Bootstrap is a small VM (< 20 ops) with an ASCII encoding. The goal of this project is to create a readable and auditable bootstrapping process to generate C binaries for this virtual platform or any other.
If you wish to make an apple pie from scratch, you must first invent the universe
- Trusted compilation - every program involved in compiling a given C program can be audited (combined with diverse double-compilation by running the VM on multiple platforms)
- Longevity - the VM spec is small enough that it can be contained in the executables it produces, allowing them to be run decades into the future
- Bootstrapping - the ability to get a C compiler running on any machine by implementing an extremely simple virtual machine.
Each bootstrap stage should do just enough to compile the next stage. Our goal is to hit a level of C89/C99 support that will allow us to compile and run arbitrary software for the VM, and to build the entire software tower underneath to get us there.
The stages should be easy to understand in isolation, and enough to hold one-at-a-time in your head.

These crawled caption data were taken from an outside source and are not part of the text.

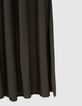 Robe longue kaki bretelles bijoux et fente femme-4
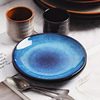 Cross-Border Retro Creative Kiln-Turned Ceramic Salad Plate Round Shallow Plate Flat Plate Hotel Restaurant Western Steak Plate Home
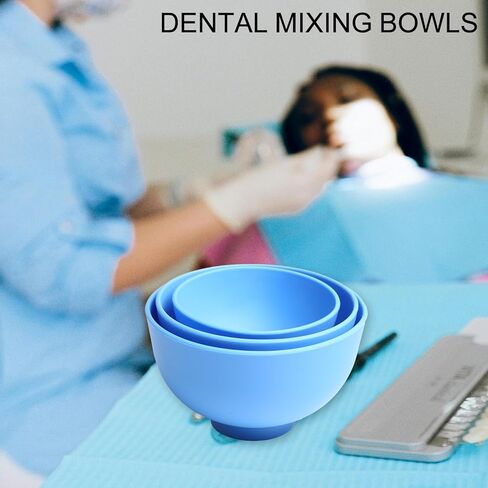 Dental Mixing Bowls Flexible Durable for Alginate Impression Lab Rubber Plaster Materials(3Pcs Blue) in Kuwait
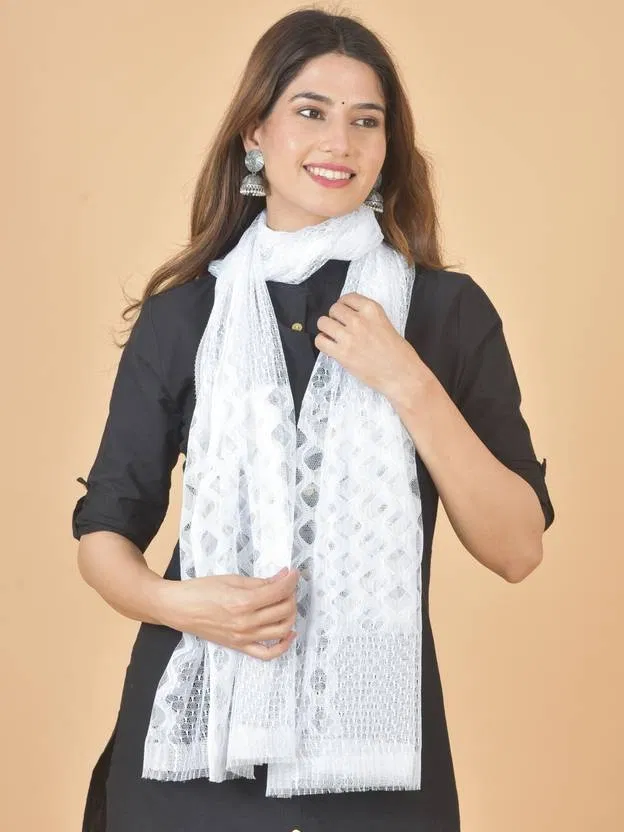 Net Solid Dupatta for Women (White)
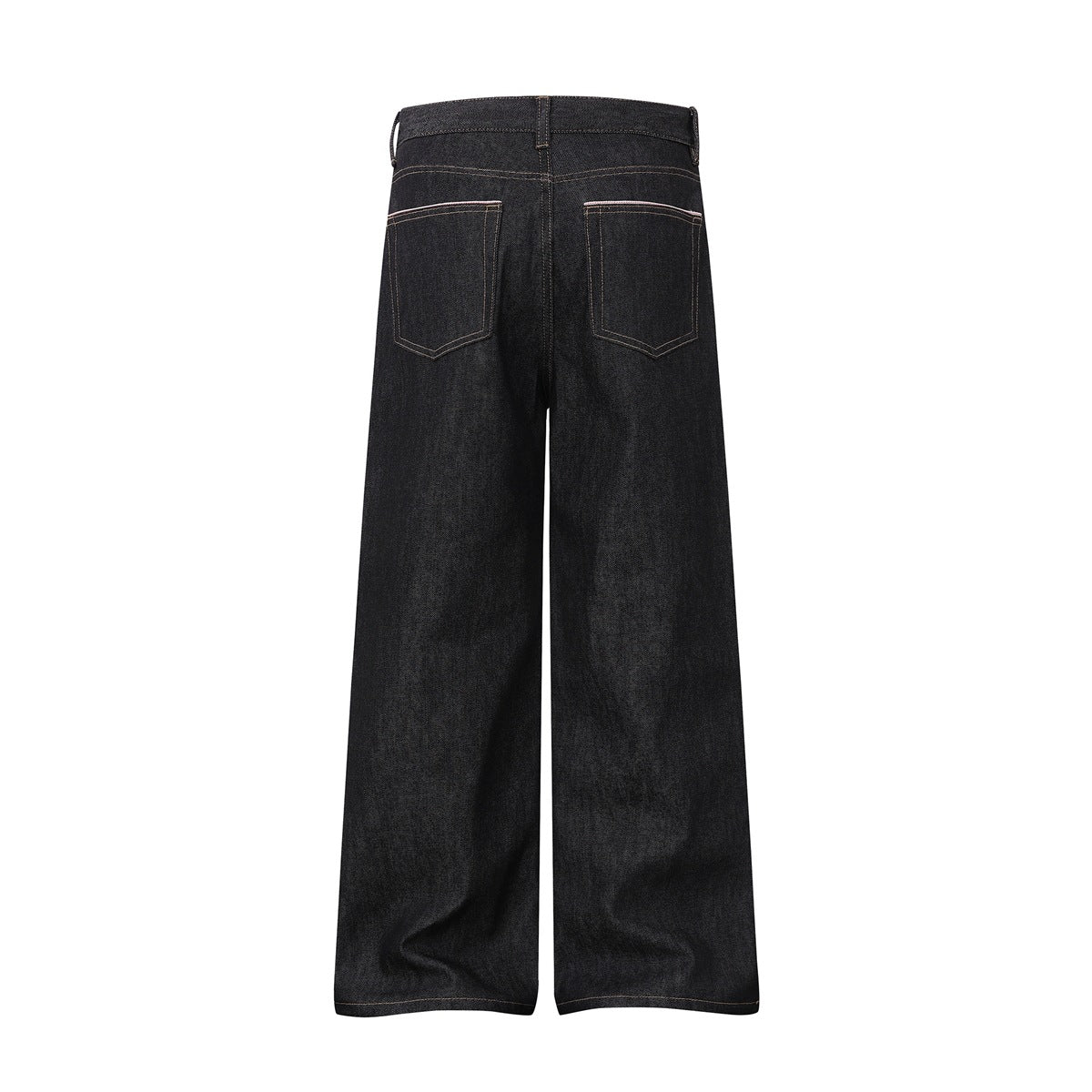 Back view of black wide-leg jeans with two patch pockets and tan contrast stitching.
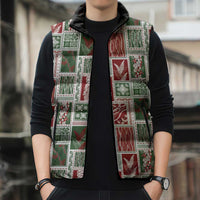 Mele Kalikimaka Hawaiian Quilt and Lei Patchwork Sleeveless Puffer Jacket - Polynesian Pride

Stages contain some but not complete error checking for their inputs. Most stages are designed to compile the next stage only and may miscompile. As the stages advance, we add additional error checking.
In some cases we may define useful compilation utilities in earlier stages that are re-used later in the bootstrap chain, for example linkers and shell-style utilities.
Tools that perform strict error checking or other useful functions, but aren't necessary for the development process may be written in any language.
Status: complete ✅
Stage goal: More readable source.
bootstrap0.bin
: A basic assembler written in pure
VM ASCII. The goal of this stage is to get a slightly more readable
bootstrap1.s
compiled by ignoring any control character bytes (< 0x20).
Enables:
=#0 0005
=#1 0300
=#2 1000
S+012
Status: complete ✅
Stage goal: More readable source and "hand-linking"
bootstrap1.s
(README): A basic assembler that
skips comments (lines starting with #
) and allows the use of a colon address
(ie: :ABCD
) to seek the output file to a given hex offset. All "assembled"
lines must start with a tab character.
Enables:
:0200
# Read a char
=#0 0001
= 1B
[=1a
=#2 0001
S+0812
Status: complete ✅
Stage goal: Automated linking, a stack
bootstrap2.s
(README): A more complex assembler
with support for two-level symbols (ie: :global__
+ .local___
) and two-pass
symbol resolution. Also supports constant-style symbols that can be defined via
=symbol__ ABCD
. Note that all symbols MUST be eight characters long - no more,
no less. Includes a few hard-coded stack manipulation macros in this stage to
make nested function calls simpler.
Enables:
# Read a char into R0
:readone_
=$0 :curr_ifd
@call:load32__
=$1 :SC_READ_
Status: complete ✅
Stage goal: Textual instrutions, reasonable length labels
bootstrap3.s
(README): A
fully-featured, though based assembler with support for variable-length,
two-level symbols (ie: :global
+ .local
) and two-pass symbol resolution.
Also supports constant-style symbols that can be defined via =symbol__ ABCD
.
Instructions are defined in textual format. This assembler has a more natural, intel-like syntax.
Enables:
:read_token
# Whitespace is ignored
call :readchar_skip_ws
# Default jump table
push r0
ldc r0, .jump_table
push r0
call :jump_table
Status: complete ✅
Stage goal: A fully-featured assembler, reusable by the next stage
bootstrap4.s
(README): A
"complete" assembler that allows input from multiple files, linked together to
create an output executable. The assembler in this stage is an evolved and far
more featureful version of the one in stage 3.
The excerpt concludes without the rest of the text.